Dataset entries
=-=-=

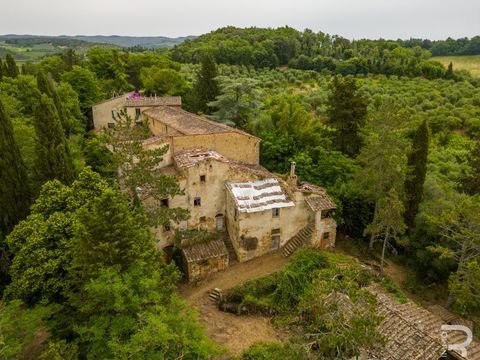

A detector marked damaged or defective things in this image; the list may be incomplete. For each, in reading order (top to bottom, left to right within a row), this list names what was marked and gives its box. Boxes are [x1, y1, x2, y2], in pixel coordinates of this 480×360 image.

damaged roof [143, 107, 258, 138]
damaged roof [226, 178, 296, 212]
damaged roof [183, 240, 230, 262]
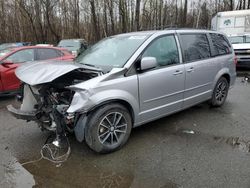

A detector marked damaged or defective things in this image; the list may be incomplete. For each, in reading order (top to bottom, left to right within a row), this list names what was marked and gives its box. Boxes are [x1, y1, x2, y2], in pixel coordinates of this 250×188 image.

damaged front end [7, 61, 102, 140]
crumpled hood [14, 60, 99, 85]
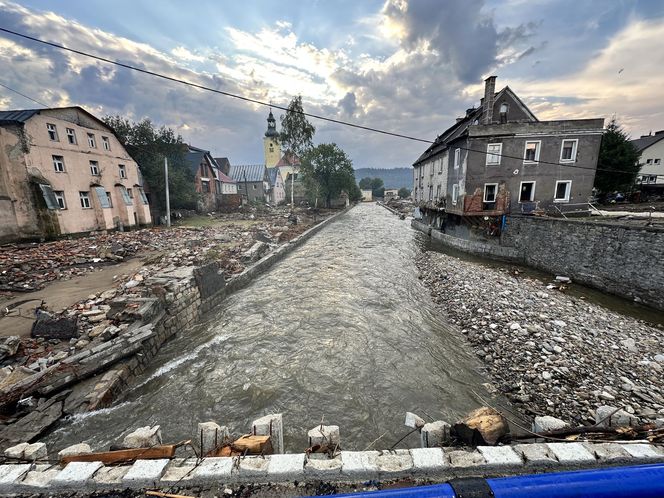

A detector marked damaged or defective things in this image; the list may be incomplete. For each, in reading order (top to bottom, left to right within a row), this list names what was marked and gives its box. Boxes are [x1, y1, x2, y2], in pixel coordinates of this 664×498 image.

damaged house facade [412, 76, 604, 235]
damaged building [412, 77, 604, 238]
broken window [524, 141, 540, 162]
broken window [560, 139, 576, 162]
damaged house facade [0, 107, 152, 243]
damaged building [0, 107, 152, 243]
broken window [38, 186, 59, 211]
broken window [520, 181, 536, 202]
broken window [556, 180, 572, 201]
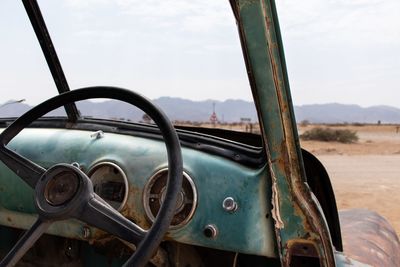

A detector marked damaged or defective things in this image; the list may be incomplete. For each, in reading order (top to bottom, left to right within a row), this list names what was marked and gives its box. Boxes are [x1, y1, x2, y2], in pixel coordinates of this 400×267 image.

cracked steering wheel [0, 87, 184, 266]
rusted dashboard [0, 126, 276, 258]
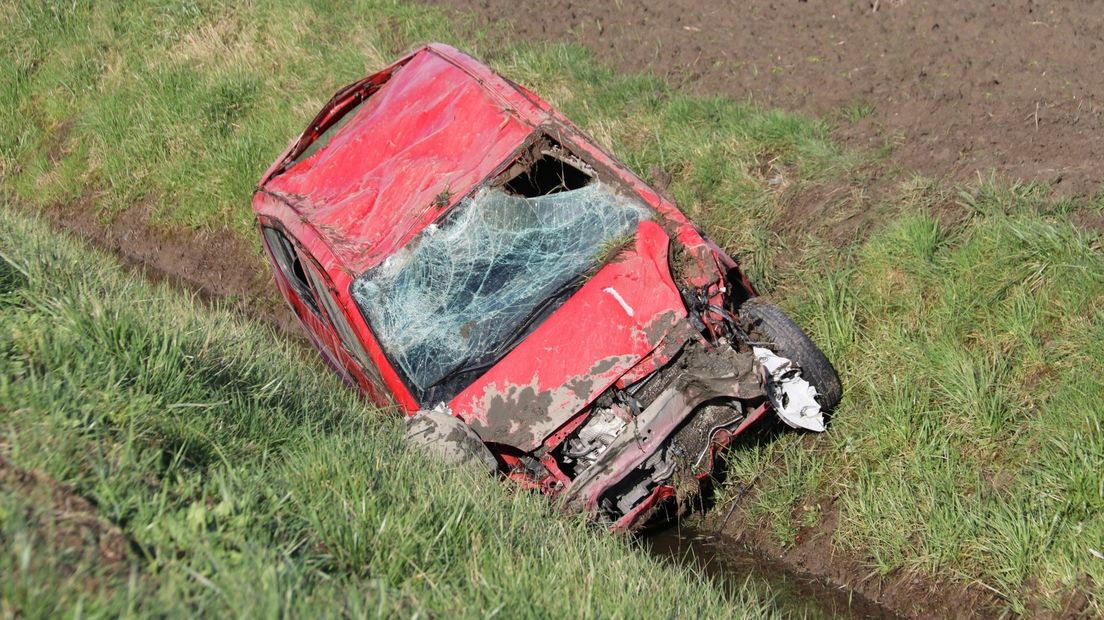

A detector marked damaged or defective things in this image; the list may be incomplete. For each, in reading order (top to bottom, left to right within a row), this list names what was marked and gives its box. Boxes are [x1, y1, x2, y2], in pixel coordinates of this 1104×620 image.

shattered windshield [351, 180, 644, 403]
wrecked red car [252, 44, 834, 525]
overturned car [252, 43, 834, 529]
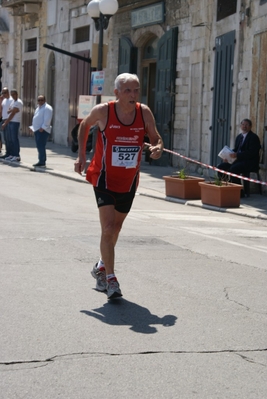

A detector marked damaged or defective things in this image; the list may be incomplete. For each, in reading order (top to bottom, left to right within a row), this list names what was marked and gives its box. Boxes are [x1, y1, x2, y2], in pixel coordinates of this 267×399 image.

crack in asphalt [1, 348, 266, 370]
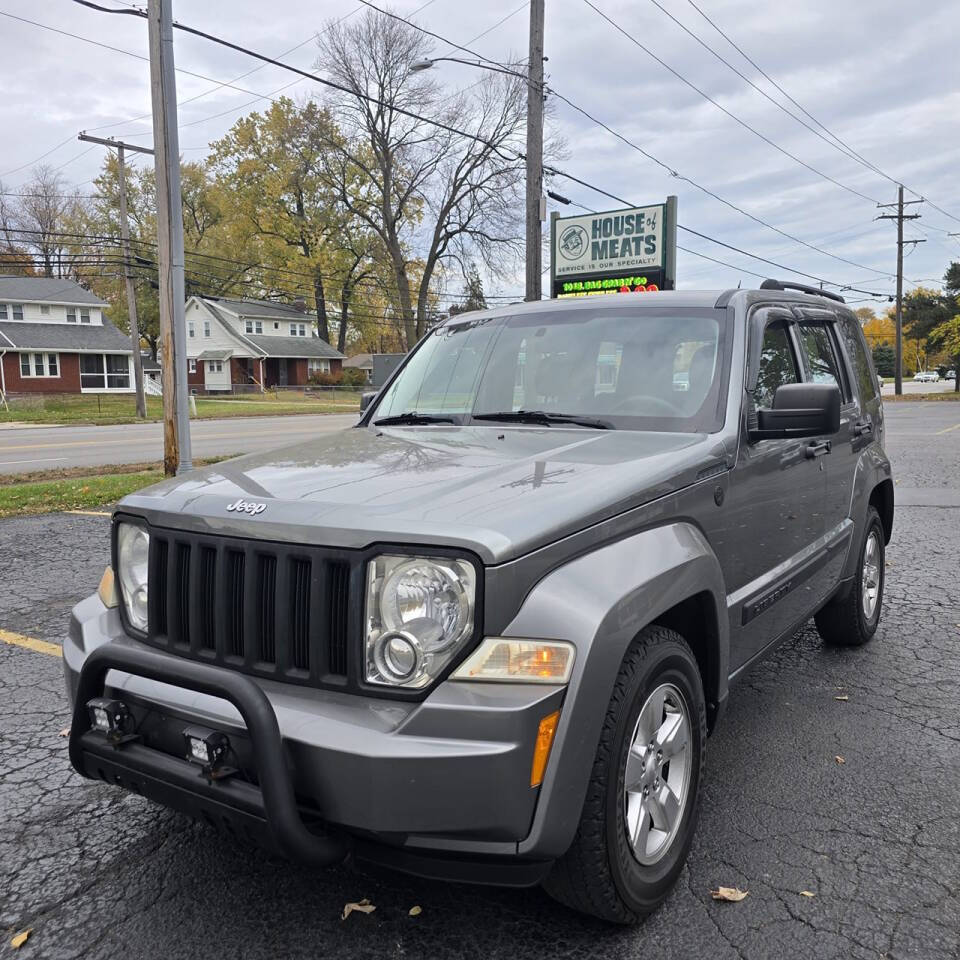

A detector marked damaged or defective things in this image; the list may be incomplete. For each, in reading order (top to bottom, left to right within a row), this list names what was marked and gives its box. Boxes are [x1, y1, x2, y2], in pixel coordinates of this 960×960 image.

cracked pavement [1, 402, 960, 956]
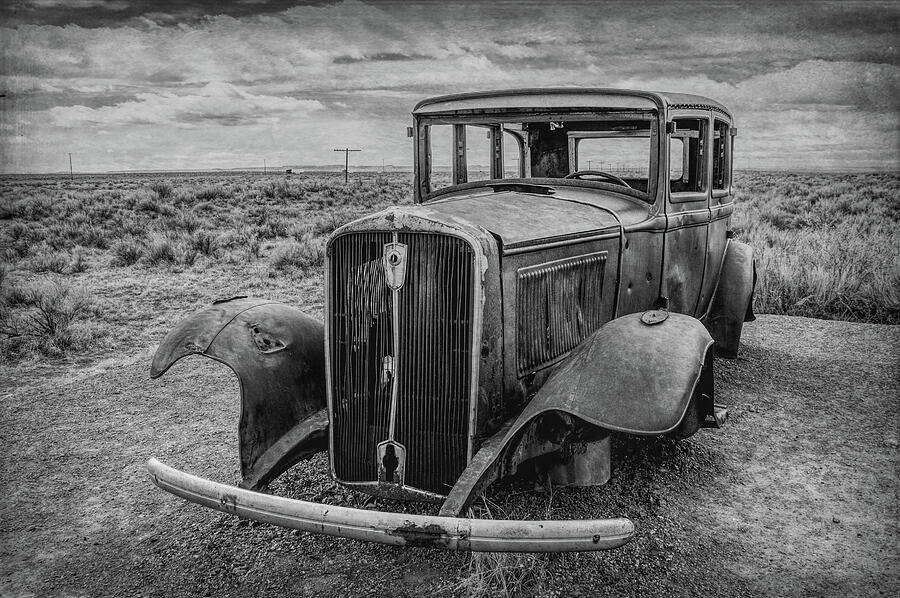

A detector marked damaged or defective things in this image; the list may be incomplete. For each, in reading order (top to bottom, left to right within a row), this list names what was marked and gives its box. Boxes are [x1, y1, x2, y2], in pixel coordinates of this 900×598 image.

detached fender [151, 298, 326, 490]
abandoned car [148, 88, 752, 552]
rusted car body [148, 88, 752, 552]
detached fender [440, 312, 712, 516]
detached fender [708, 240, 756, 360]
rust patch [390, 524, 454, 552]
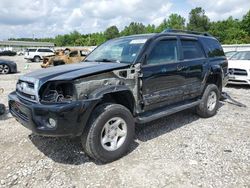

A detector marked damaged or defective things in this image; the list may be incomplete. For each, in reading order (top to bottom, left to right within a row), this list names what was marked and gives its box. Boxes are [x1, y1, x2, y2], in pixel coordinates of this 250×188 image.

crumpled hood [22, 61, 129, 83]
broken headlight [39, 82, 75, 103]
damaged black suv [8, 29, 229, 163]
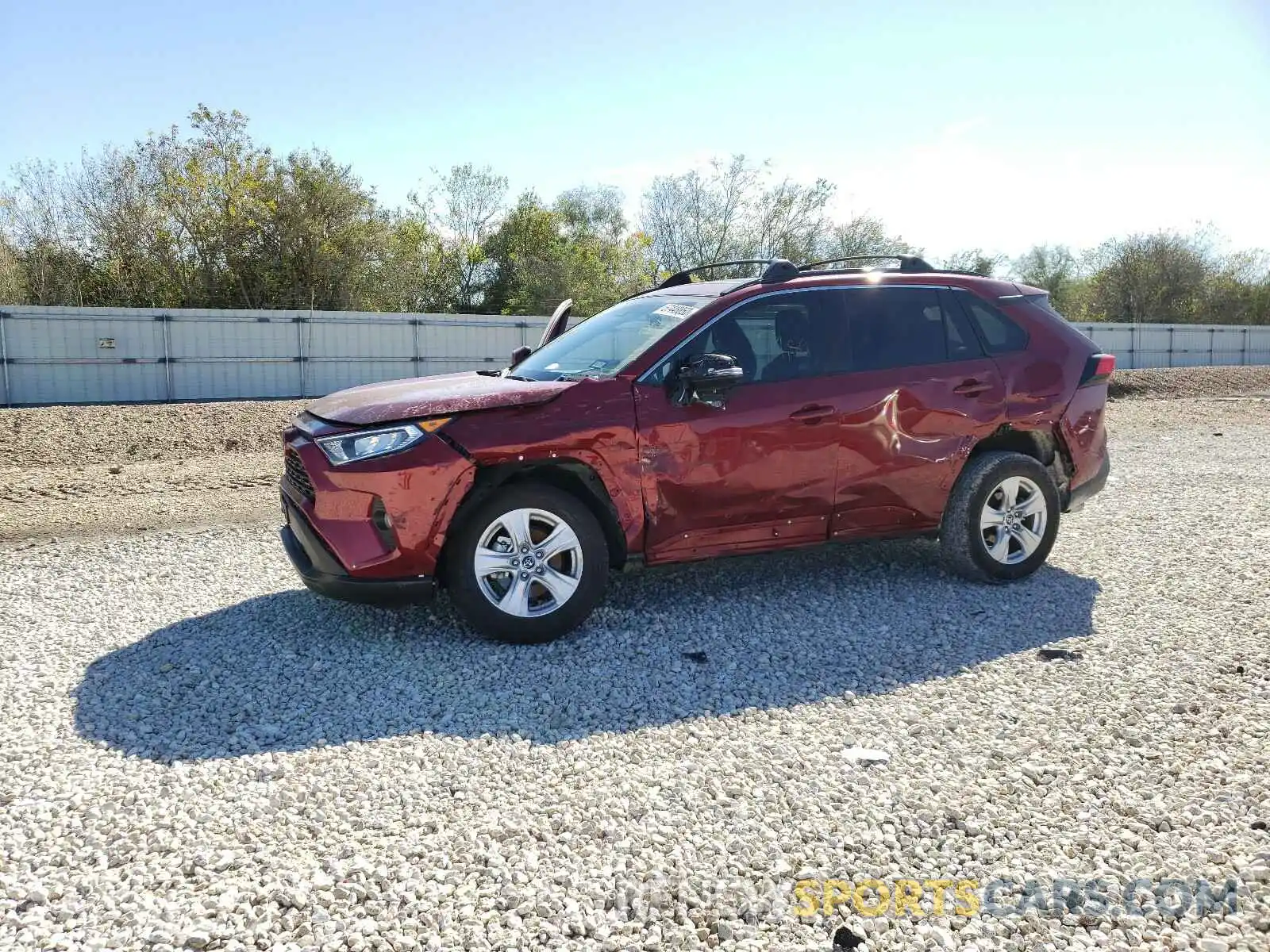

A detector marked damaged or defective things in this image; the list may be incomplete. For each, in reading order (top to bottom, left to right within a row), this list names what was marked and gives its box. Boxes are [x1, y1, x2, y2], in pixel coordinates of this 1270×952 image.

crumpled hood [305, 370, 574, 426]
damaged red suv [280, 257, 1112, 644]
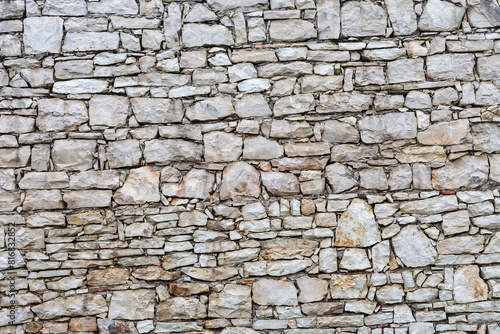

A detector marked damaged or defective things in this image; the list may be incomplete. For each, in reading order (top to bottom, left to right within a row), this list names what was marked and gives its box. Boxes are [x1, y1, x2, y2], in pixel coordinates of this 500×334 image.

rust-stained stone [334, 198, 380, 248]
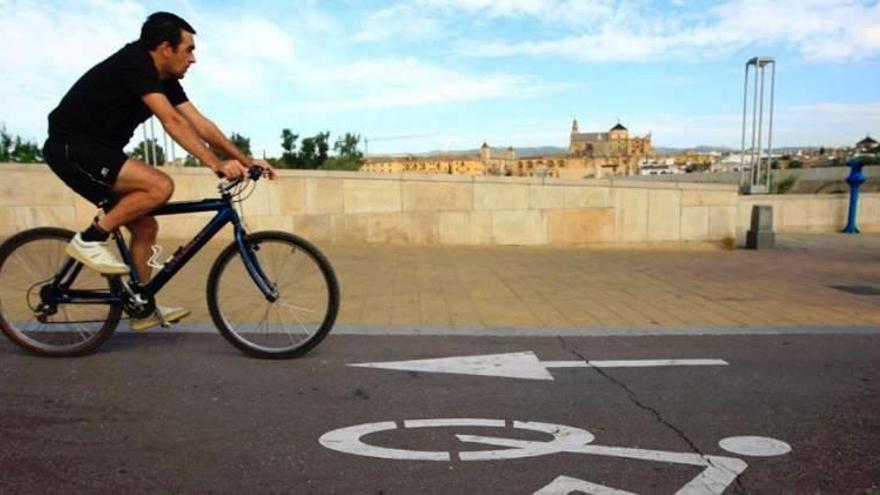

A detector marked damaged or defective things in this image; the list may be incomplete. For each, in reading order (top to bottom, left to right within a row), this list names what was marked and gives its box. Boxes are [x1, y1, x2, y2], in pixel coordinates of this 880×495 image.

crack in asphalt [556, 338, 748, 495]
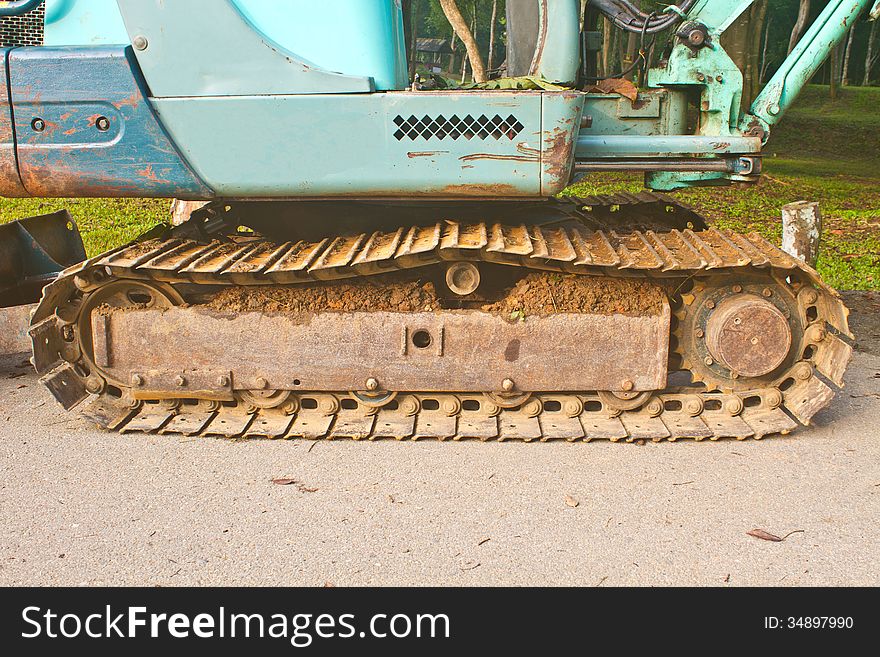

=-=-=

— Exercise —
What is needed is a verbatim transcription of the records, minus the pictures.

— Solution to the exercise —
A detector marked damaged or defective things in this image; the list may be incomplete. For each, in reading order (top to bottom, left to right within a row), this list names what was marked and gives its box. Boxes are [x1, y1, x2, y2], in pixel coordinates of this 480×360 image.

damaged roof [143, 107, 258, 138]
damaged roof [226, 178, 296, 212]
damaged roof [183, 240, 230, 262]

A detector marked damaged or defective things in this image; the list may be incomplete. For each, in reading order (top to bottom, left to right within a row), this list names what was marked and gives its box. Boxes are [x1, y1, x2, y2], in pixel coordinates of this 250×188 image.

damaged front end [7, 61, 102, 140]
crumpled hood [14, 60, 99, 85]

A detector marked damaged or defective things in this image; the list may be incomplete. For each, in reading order (top to bottom, left to right within a row), this list names what was marked and gives its box. Boxes are [x1, y1, x2, y2], in pixel coordinates of this 664×498 image.

damaged house facade [412, 76, 604, 235]
damaged building [412, 77, 604, 238]
broken window [524, 141, 540, 162]
broken window [560, 139, 576, 162]
damaged house facade [0, 107, 152, 243]
damaged building [0, 107, 152, 243]
broken window [38, 186, 59, 211]
broken window [520, 181, 536, 202]
broken window [556, 180, 572, 201]

A detector marked damaged or defective things in this image; the list may be incomplete. For each, in reading order (top to bottom, left to right within a row), this list names what was marked and gives its box. Boxes are [x1, y1, x2, y2], in pixel coordinates of this 400×267 image.

cracked steering wheel [0, 87, 184, 266]
rusted dashboard [0, 126, 276, 258]

A detector marked damaged or defective things in this image; the list may be incomplete. For each, in reading order (top to bottom, left to right within a row), this list names what was marked and gives its box. Boxes are [x1, y1, x2, y2], in pixel coordinates of this 1104×620 image.

shattered windshield [351, 180, 644, 403]
wrecked red car [252, 44, 834, 525]
overturned car [252, 43, 834, 529]

A detector marked damaged or defective things in this image; the list may be incomplete. For each, in reading order (top to bottom, left to right within a row), this list names what was marked and gives its box. Boxes are [x1, y1, x2, y2], in pixel coordinates of this 267×399 image.

crack in asphalt [1, 348, 266, 370]

A detector marked damaged or defective things in this image; the list may be incomplete. For each, in reading order (top to bottom, left to right within a row), this list names what was marked and gives its box. Boxes are [x1, y1, x2, y2], in pixel coordinates of this 960×960 image.

cracked pavement [1, 402, 960, 956]

A detector marked damaged or defective things in this image; the list may be incomplete. For each, in reading order (top to bottom, left to right within a row), this list names what was marked and gives its box. Boxes are [x1, y1, x2, y2], in pixel coordinates of this 900×598 image.

detached fender [151, 298, 326, 490]
abandoned car [148, 88, 752, 552]
rusted car body [148, 88, 752, 552]
detached fender [440, 312, 712, 516]
detached fender [708, 240, 756, 360]
rust patch [390, 524, 454, 552]

A detector marked damaged or defective things in this image; the list may be incomplete. For each, in reading order (top to bottom, left to right within a row), this list names what was marked and gives its box. Boxes are [x1, y1, x2, y2], in pixel coordinates of this 250×188 image.

crumpled hood [22, 61, 129, 83]
broken headlight [39, 82, 75, 103]
damaged black suv [8, 29, 229, 163]

A detector marked damaged or defective things in this image; the list may be incomplete. For each, in reading order (top to bottom, left to right within a row), this list names what was marked and gives its box. Boxes are [x1, y1, x2, y2], in pixel coordinates of this 1270×952 image.

crumpled hood [305, 370, 574, 426]
damaged red suv [280, 257, 1112, 644]

A detector marked damaged or defective things in this image; the list may be incomplete. For each, in reading order (top to bottom, left to right within a row), this list names what was marked and gives its box. Boxes are [x1, y1, x2, y2], in pixel coordinates of this 500×334 image.

rust-stained stone [334, 198, 380, 248]

A detector marked damaged or defective things in this image; the list may be incomplete. For each, in reading order (top to bottom, left to right within a row), this list names what was marked and gives its box. Boxes are [x1, y1, x2, y2], in pixel coordinates of this 880×495 image.

crack in asphalt [556, 338, 748, 495]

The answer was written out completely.